“Danza Duende” – Remarks from a male perspective

by Ahanti Camarano

(Traduzido a pedido)
I wrote these notes from Serpa, Portugal, during the 3rd Danza Duende International Festival. Created by Yumma Mudra, a French-American witch-gypsy-dancer, the ‘Duende’ is really a delightful party of the feminine energies, expressed in an explosion of creativity that pervades this peaceful mediavel town’s deserted streets, close to the Spanish border in the Andaluzian region.

I came here through the invitation received by my wife, Tiffani Gyatso, to offer her “Slow Art” workshop as part of the event’s program. We took advantage of our planned vacations on a rented RV through Spain and Portugal, and put it all together. And what a surprise to arrive at this stronghold of art and creativity in the middle of the Portuguese ‘Alentejo’. 
The Festival is organized around the so-called ‘duende’, the creative ‘spirit’ behind eveything that takes place here, developed into a system and a school of creation by Yumma Mudra – and that I barely begin to understand while observing the activities and performances in Serpa. 
For five days, the city is fully dedicated to the event, with accommodations and local restaurants overflooded by the (majority of) women that come here to improve their expression in the ‘duende’, to share their works of art, to teach, comingle, create, laugh and cry together. In a word, to touch and open all and everything around them.
The city itself has an interesting story, earning its name from a serpent-dragon (“Serpa”) which – in ancient times – was supposed to show up in critical moments to help and support the local population, or to save them from external threats, like an enemy attack. 
Curiously, the city was kept (or so it seems to!) as it was a long time ago, with stone-paved streets, and its low, small white houses, and a wall marking the aqueduct and former castle that once defended the medieval town. Suspended time, suspended world.
One will be surprised to find the amount of modern facilities the city has to offer, like the two theaters, a high-quality public swimming-pool, plus the wonderful restaurants, all of it disguised behind old-aged white facades. 
The event has four ‘official’ languages: English, Spanish, French and Portuguese. But, in truth, the official language is that of creativity expressed through the body, the gesture and the movement, more than any spoken word, so that one can always enjoy what is being communicated, since it’s non-verbal. 
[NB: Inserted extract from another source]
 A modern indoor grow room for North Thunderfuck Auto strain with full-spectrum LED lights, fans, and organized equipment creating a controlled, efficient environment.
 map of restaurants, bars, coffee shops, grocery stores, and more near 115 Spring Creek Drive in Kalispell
Women come from several countries, ages, and backgrounds. You can find from real gypsies (literally!) to high-level Brussels state bureocracy executives, all emerging here with their own unique, authentic contribution to this creative party that probably has no similar throughout the world. All of them absolutely gorgeous, with no exceptions.
Once again, I’m taken aback by the sheer absence of men in events of this kind. We are maybe 6 or 7 among 70+ women, whose presence dominate, with large margin, the masculine one. In his lecture on Friday morning, July 22nd, Michel Rahji, Yumma’s partner and co-organizer of the event, emphasized this point, saying also that most men present here came to the festival through their wives/partners, as it was in my case. Very seldom an event on the ‘Danza Duende’ will be an attractor for men these days.
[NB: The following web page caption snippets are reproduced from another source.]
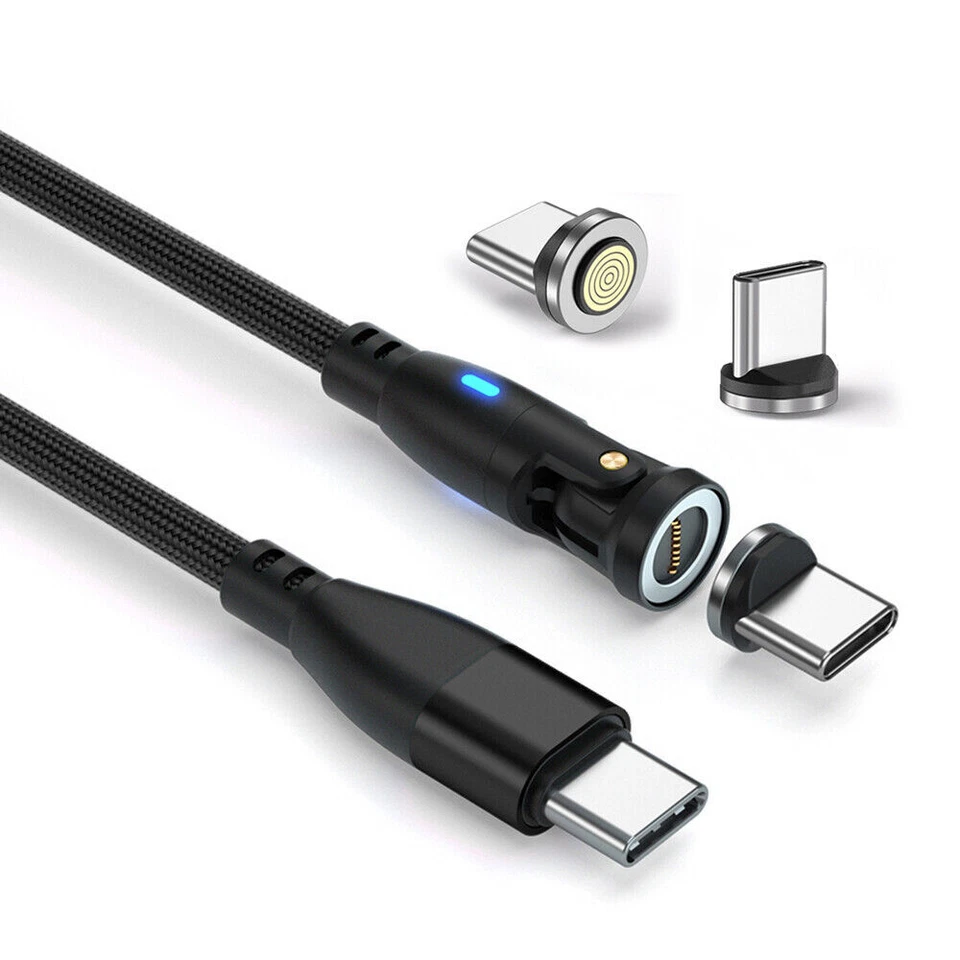 Магнитный 9-контактный кабель быстрой зарядки синхронизации данных USB C + 3 наконечника типа C поворот на 540° - Изображение 4 из 4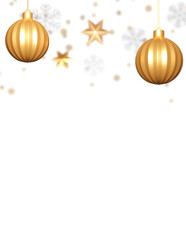 3D Shiny Golden Baubles Hang With Blur Stars, Snowflakes, Bokeh Effect Against Background And Copy Space.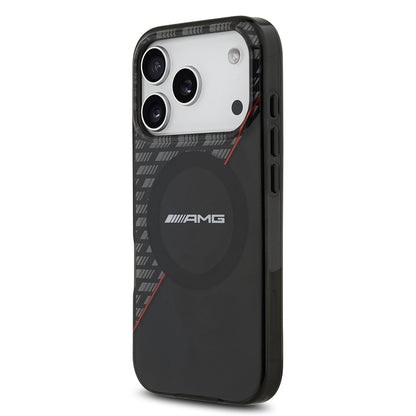 Apple iPhone 17 Pro Kılıf AMG Orjinal Lisanslı M-safe Şarj Özellikli Çift Katmanlı Kırmızı Çapraz Çizgili Kapak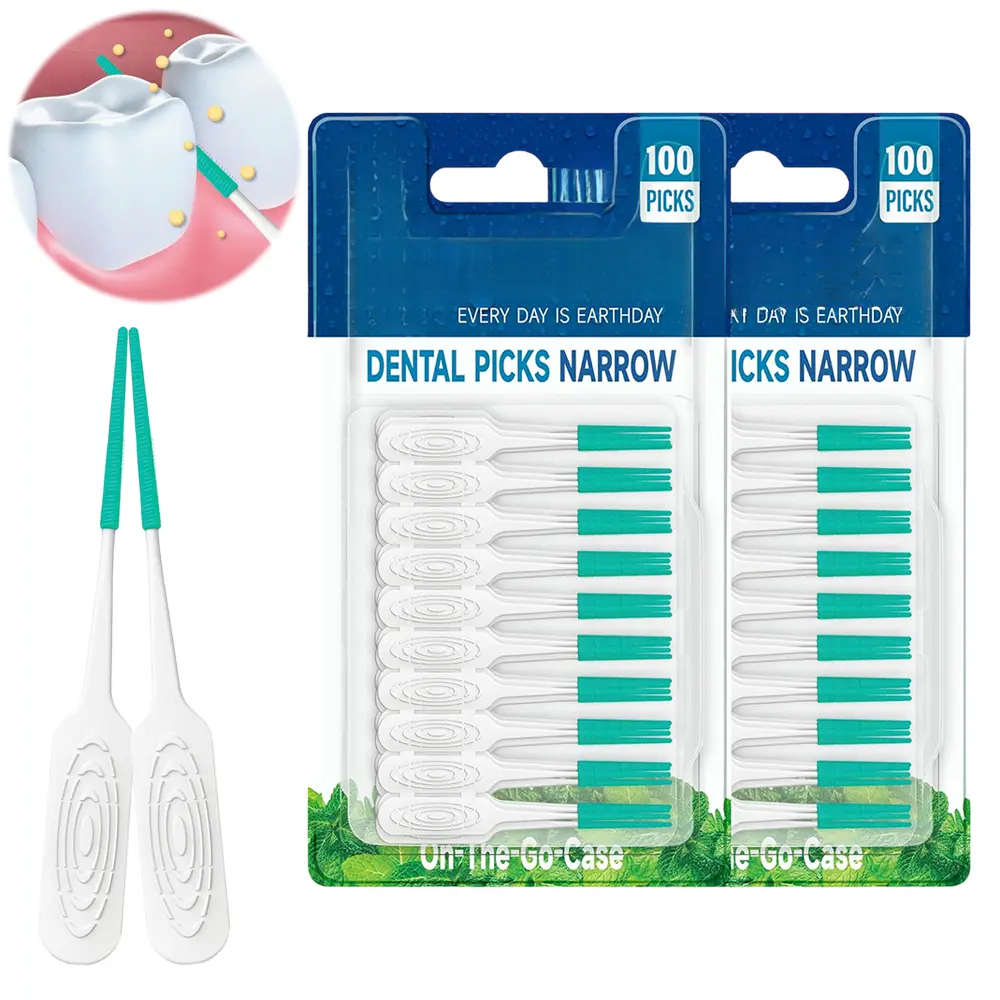200 Count Narrow Gap Mint Dental Picks, 2 Packs Soft Rubber Interdental Floss Picks, Flexible Tight Space Tooth Cleaners with Portable Carry Case for Orthodontics, Implants & Gum Care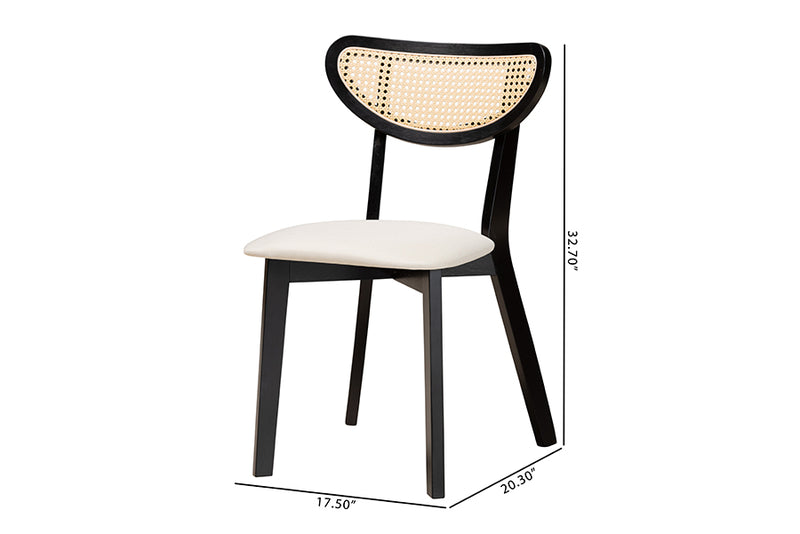 Wren Mid-Century Modern Cream Fabric and Black Finished Wood Dining Chair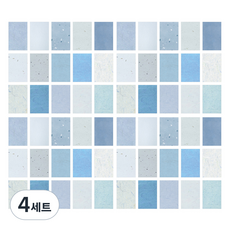 올리브파티 데일리라이프 감성 빈티지 다꾸 배경 메모지 세트, 블루, 30매, 4세트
In times like these, a small participation from the masculine side catches everyone’s attention, like yesterday’s evening, when four representatives of the local choir joined the group of women who were celebrating the four elements, and offered typical Serpa’s songs to enliven our night, in a rare combination of lost innocence and presence that touched all the participants. 
The feminine is growing, spreading itself, expanding the perceivable horizons, and not only in the more ‘obvious’ spaces, like in dance, arts, and creativity, but also in the corporate world. More and more, women are occupying spaces formerly reserved to men, from oil rigs to large corporations board rooms, not to mention the public sphere, where we can already find great women leaders – Angela Merkel, Theresa May, Hillary Clinton (?).
This is obviously a positive change – it’s never too much stressing this point – that must also be followed now by an expansion of the masculine, i.e., of the male presence in these so-called ‘typically feminine’ meetings, like this Danza Duende here in Serpa.
It’s about time for men to wake up to what is happening and begin opening themselves to the feminine aspect – within themselves and in others –, and to discover new elements of their own psyche, in order to catch-up with what their female partners are doing, so that they could walk together towards a more integral, more integrated, and more balanced way of living. 
Maybe it is only when we, men, find ourselves ready to embrace this last step that the world might collectively raise from a predominantly male chauvinistic ethos – most noticeably in the corporate sphere – and the planet could move towards a more balanced stage, where the Great Mother – Nature, the big “She” – becomes the guide to our daily actions. 
Should this movement take less then 100 years, then we might have a chance of surviving in this little Planet Earth of ours.